Content starts

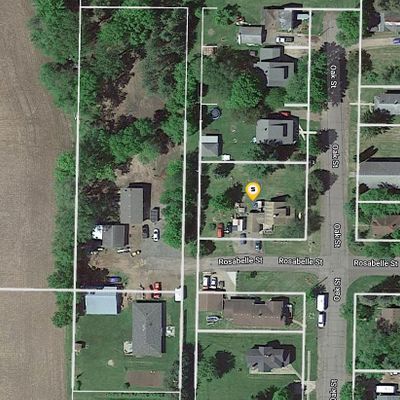 401 Oak St, Grasston, MN 55030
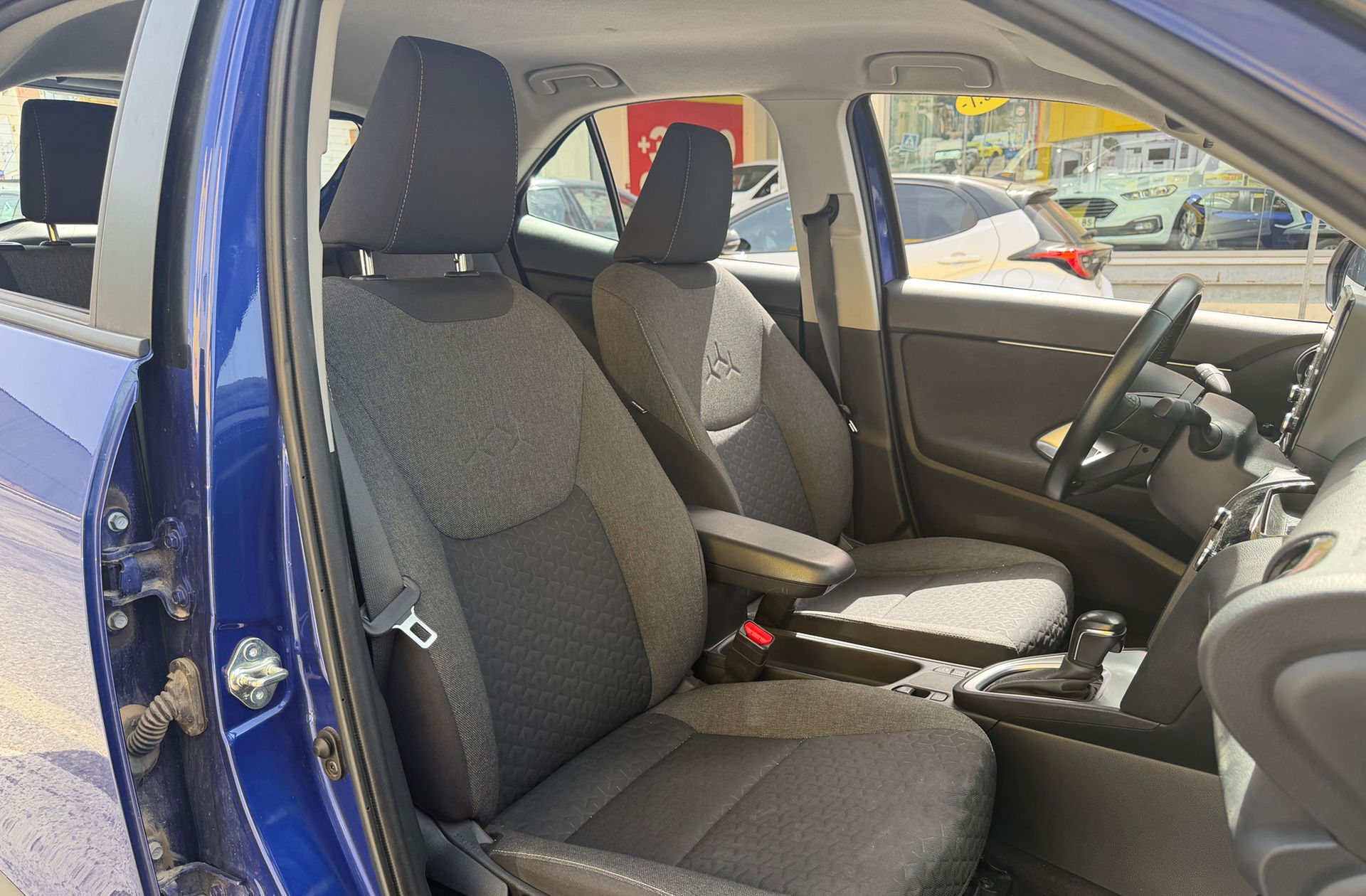 Toyota Yaris Cross 120H Business Plus - foto 15
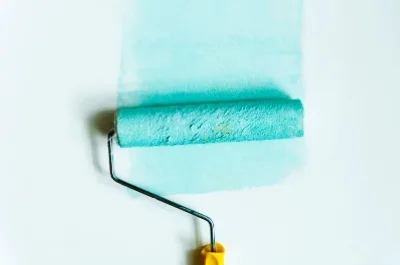 Peinture intérieure à Pérouges — murs, plafonds et boiseries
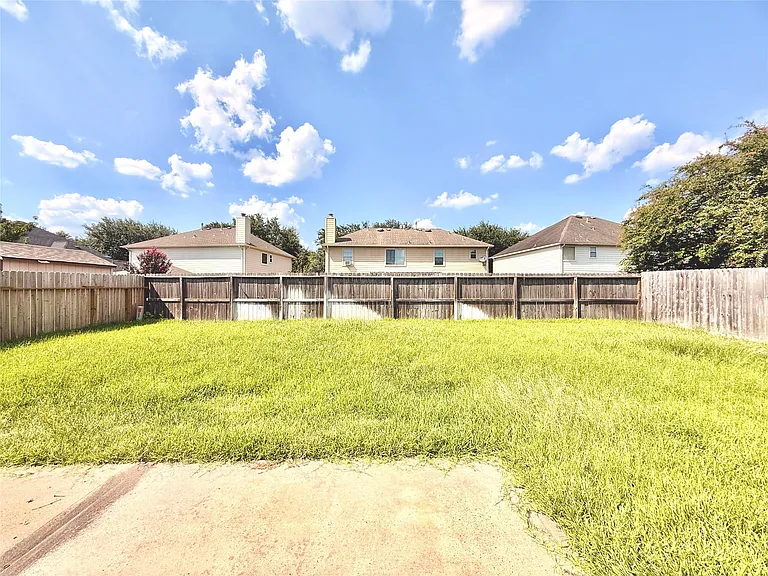 16518 Wheatmill Ct — Photo 32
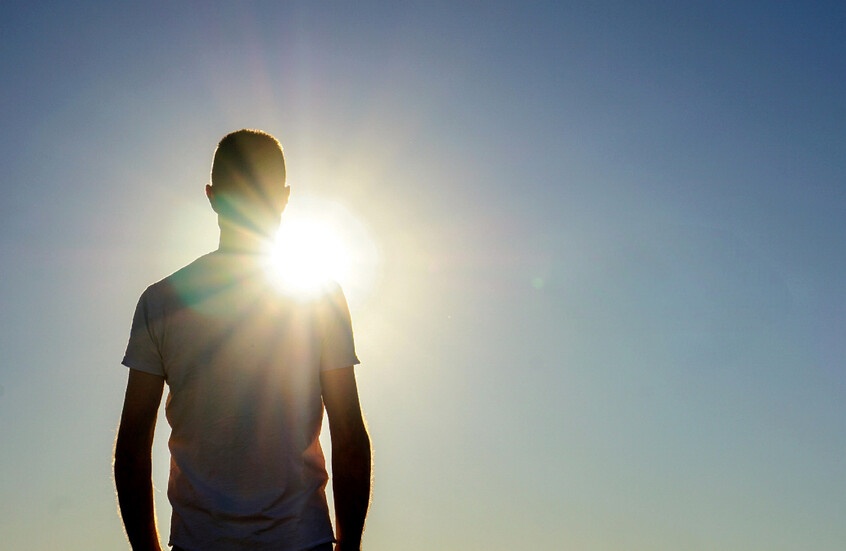 Scientific Study: Sunlight Affects Skin's Biological Clock and Accelerates Aging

Content ends

● **Task statement**:
When you retype the material above, copy each line exactly and drop whatever images appear in it.

● **Finished task**:
 401 Oak St, Grasston, MN 55030
 Toyota Yaris Cross 120H Business Plus - foto 15
 Peinture intérieure à Pérouges — murs, plafonds et boiseries
 16518 Wheatmill Ct — Photo 32
 Scientific Study: Sunlight Affects Skin's Biological Clock and Accelerates Aging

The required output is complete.